Le Roman d'un spahi, 1881
[modifier]Ce fut, par un temps sombre, une galopade vertigineuse dans le sable du désert. Un ciel d'hiver, il y a là-bas aussi des ciels d'hiver, plus rares que les nôtres, étonnants et sinistres sur ce pays désolé : des nuages tout d'une pièce, si noirs et si bas, que là-dessous la plaine était blanche, le désert semblait une steppe de neige sans fin.
Et quand les deux spahis passaient, avec leurs burnous, emportés par la course de leurs bêtes emballées, les vautours énormes qui se promenaient par terre par familles paresseuses prenaient un vol effaré et se mettaient à décrire dans l'air au-dessus d'eux des courbes fantastiques.
- Le Roman d'un spahi (1881), Pierre Loti, éd. Gallimard, coll. « folio classique », 2006 (ISBN 2-07-038531-0), p. 82
Pauvres garçons, qui buvez à la mémoire des morts, riez, chantez, soyez bien gais et bien fous, profitez de l'instant joyeux qui passe !… Mais les chants et le bruit sonnent faux sur cette terre du Sénégal, — et il doit y avoir encore là-bas, dans le désert, des places marquées pour quelques-uns de vous.
- Le Roman d'un spahi (1881), Pierre Loti, éd. Gallimard, coll. « folio classique », 2006 (ISBN 2-07-038531-0), p. 150
Prenez les matelots, les spahis, — tous ces abandonnés, tous ces jeunes gens qui dépensent leur vie au loin sur la grande mer ou dans les pays d'exil, au milieu des conditions d'existence les plus rudes et les plus anormales ; — prenez les plus mauvaises têtes ; — choisissez les plus insouciants, les plus débraillés, les plus tapageurs ; — cherchez dans leur cœur, dans le recoin le plus sacré et le plus profond : souvent dans ce sanctuaire vous trouverez une vieille mère assise, — un vieille paysanne de n'importe où, — une basque en capulet de laine, — ou une brave bonne femme de Bretonne en coiffe blanche.
- Le Roman d'un spahi (1881), Pierre Loti, éd. Gallimard, coll. « folio classique », 2006 (ISBN 2-07-038531-0), p. 157
Pêcheur d'Islande, 1886
[modifier]Ils étaient cinq, aux carrures terribles, accoudés à boire, dans une sorte de logis sombre qui sentait la saumure et la mer. Le gîte, trop bas pour leurs tailles, s'effilait par un bout, comme l'intérieur d'une grande mouette vidée ; il oscillait faiblement, en rendant une plainte monotone, avec une lenteur de sommeil.
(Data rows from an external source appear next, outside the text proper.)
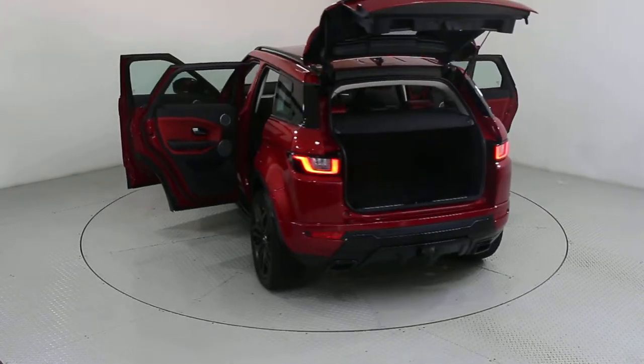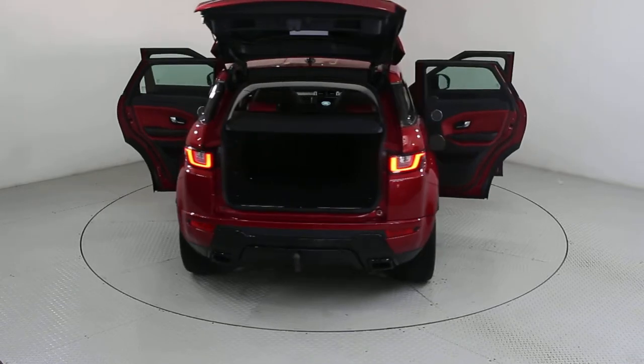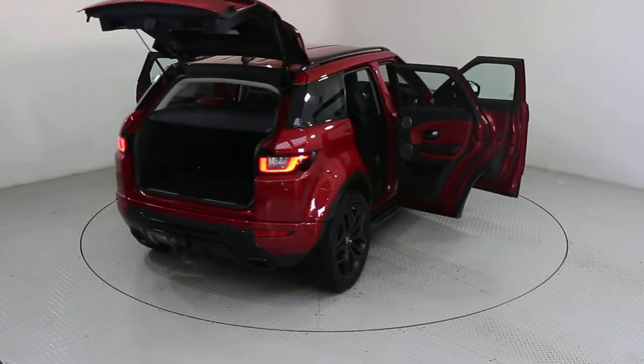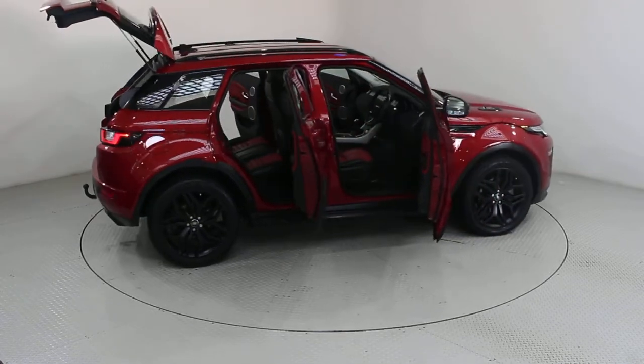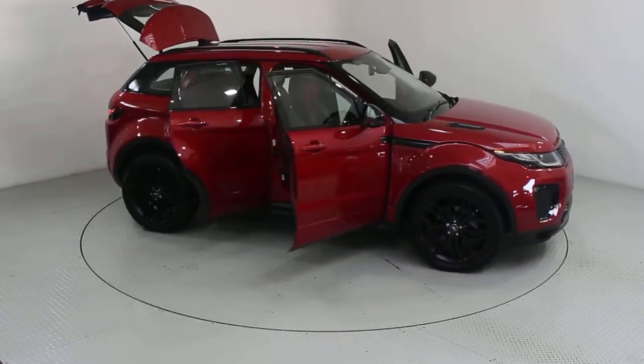Our bright and friendly team will be on hand to take the stress out of purchasing your new car, providing expert advice, test drives, part exchange valuations and finance options, helping you to get your perfect car.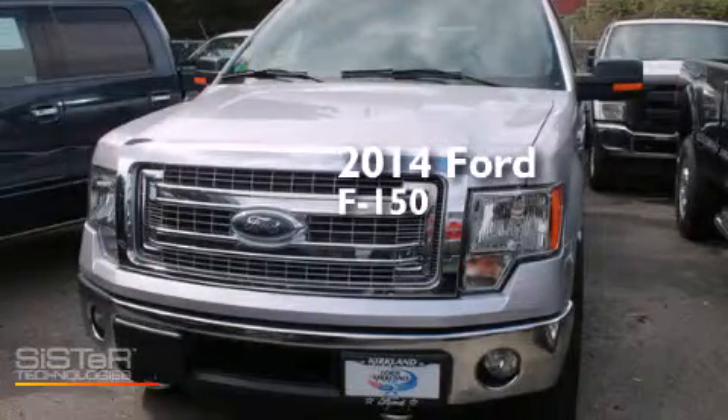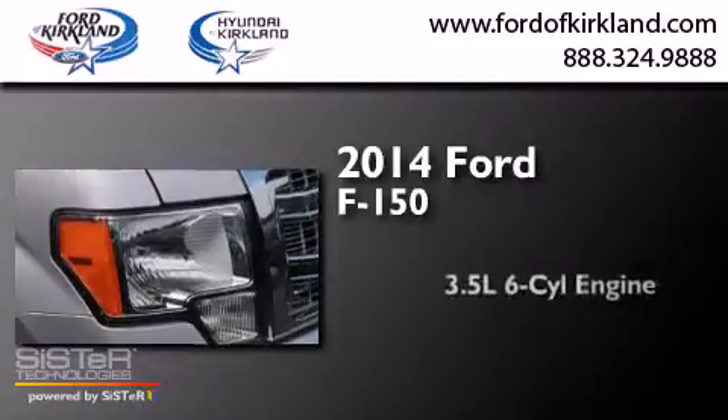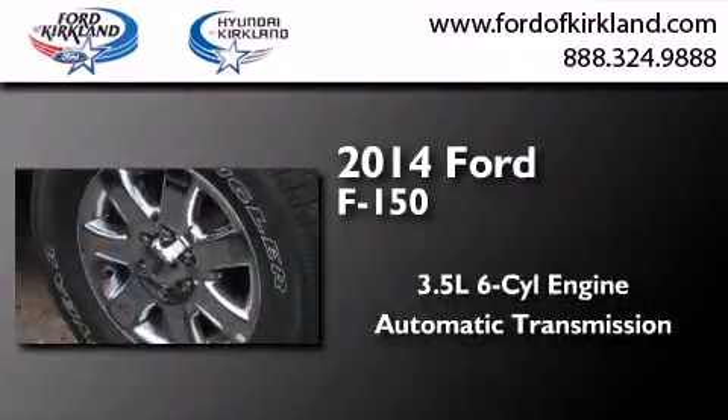This is a brand new 2014 Ford F-150. It has a 3.5-liter six-cylinder engine, automatic transmission, and four-wheel drive.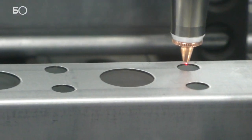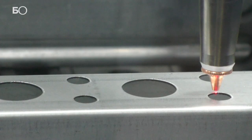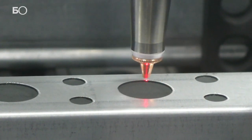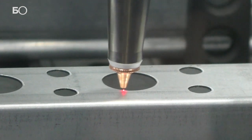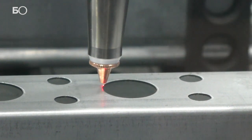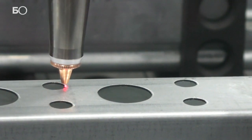What kind of laser does it have? What kind of laser is it? I can cut a bit of the thickness. Maximum?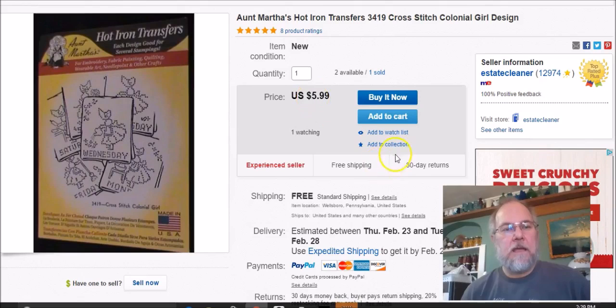This is Aunt Martha's iron-on transfers. I paid 50 cents at Walmart, listed it October 29th 2015 — so I'd had it over a year — sold it January 25th, and got $5.99 free shipping.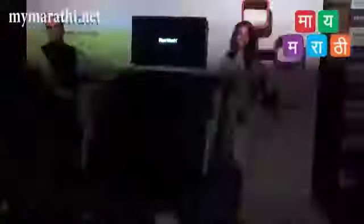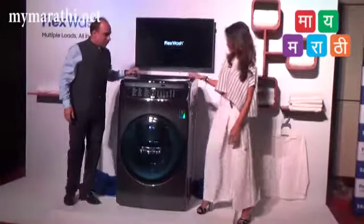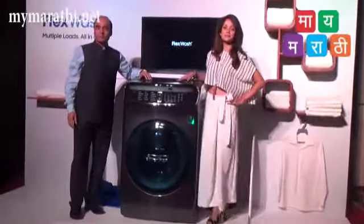This is the top load. It's 3.5 kg capacity with a short wash cycle. If you wash a complete load, it pairs with the front load washer. So this is a complete laundry solution.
Dehors, ce devait être la mer et la nuit, mais on n'en savait trop rien : une seule ouverture coupée dans le plafond était fermée par un couvercle en bois, et c'était une vieille lampe suspendue qui les éclairait en vacillant.
- incipit
- Pêcheur d'Islande (1886), Pierre Loti, éd. Calmann-Lévy, 1913, p. 1
Il ne revint jamais.
Une nuit d'août, là-bas, au large de la sombre Islande, au milieu d'un grand bruit de fureur, avaient été célébrées ses noces avec la mer.
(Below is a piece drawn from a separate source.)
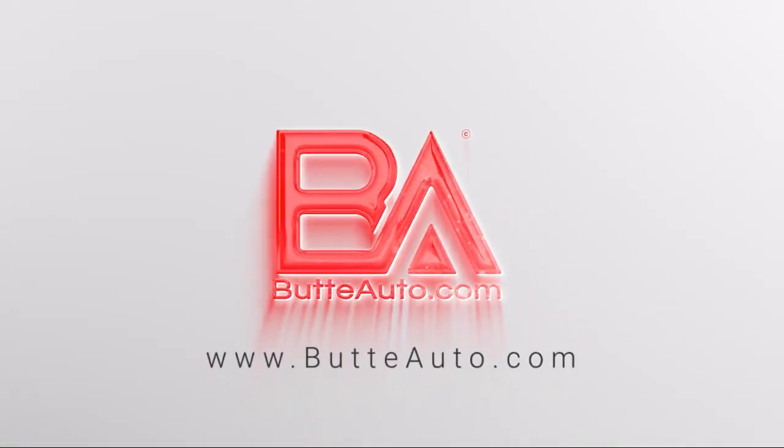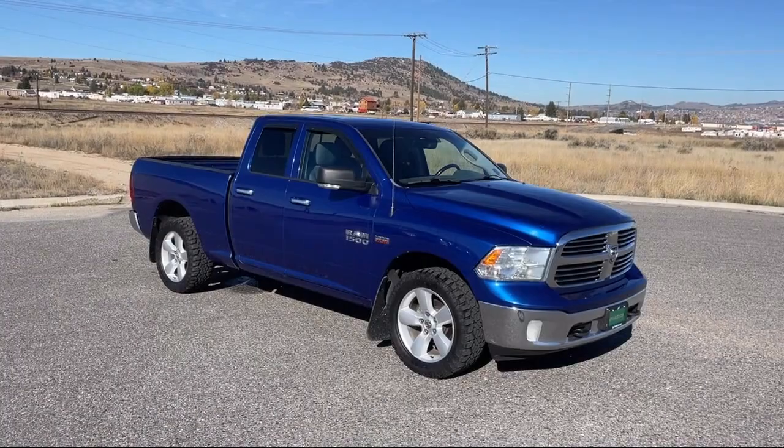Welcome to Viewed Auto, and here's a more in-depth view of one of our vehicles from our huge selection.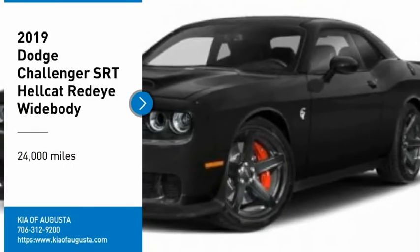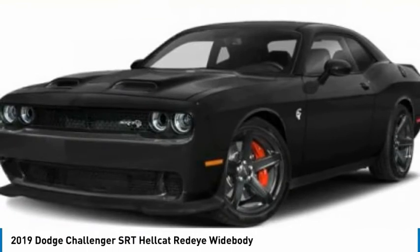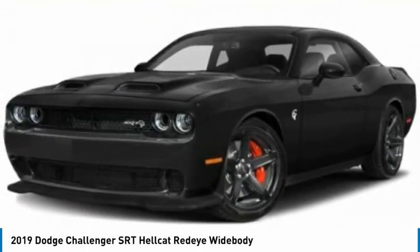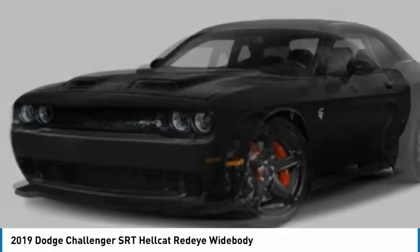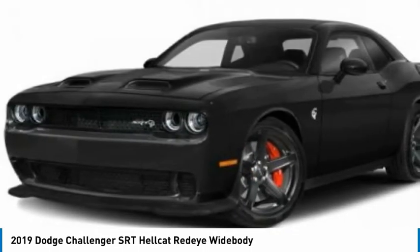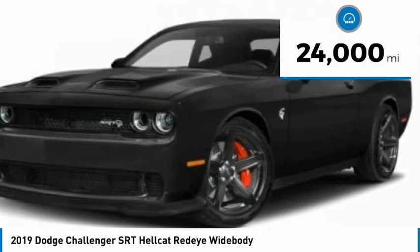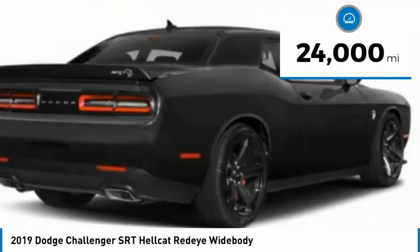Take a ride in the 2019 Challenger, rated most appealing midsize sports car by JD Power and Associates. The Dodge Challenger delivers on style and performance — it's powerful, practical, and efficient. This vehicle has less than 25,000 miles.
- Pêcheur d'Islande (1886), Pierre Loti, éd. Calmann-Lévy, 1913, p. 342
Avec la mer qui autrefois avait été aussi sa nourrice ; c'était elle qui l'avait bercé, qui l'avait fait adolescent large et fort, — et ensuite elle l'avait repris, dans sa virilité superbe, pour elle seule. Un profond mystère avait enveloppé ces noces monstrueuses. Tout le temps, des voiles obscurs s'étaient agités au-dessus, des rideaux mouvants et tourmentés, tendus pour cacher la fête ; et la fiancée donnait de la voix, faisait toujours son plus grand bruit horrible pour étouffer les cris, — Lui, se souvenant de Gaud, sa femme de chair, s'était défendu, dans une lutte de géant, contre cette épousée du tombeau. Jusqu'au moment où il s'était abandonné, les bras ouverts pour la recevoir, avec un grand cri profond comme un taureau qui râle, la bouche déjà emplie d'eau ; les bras ouverts, étendus et raidis pour jamais.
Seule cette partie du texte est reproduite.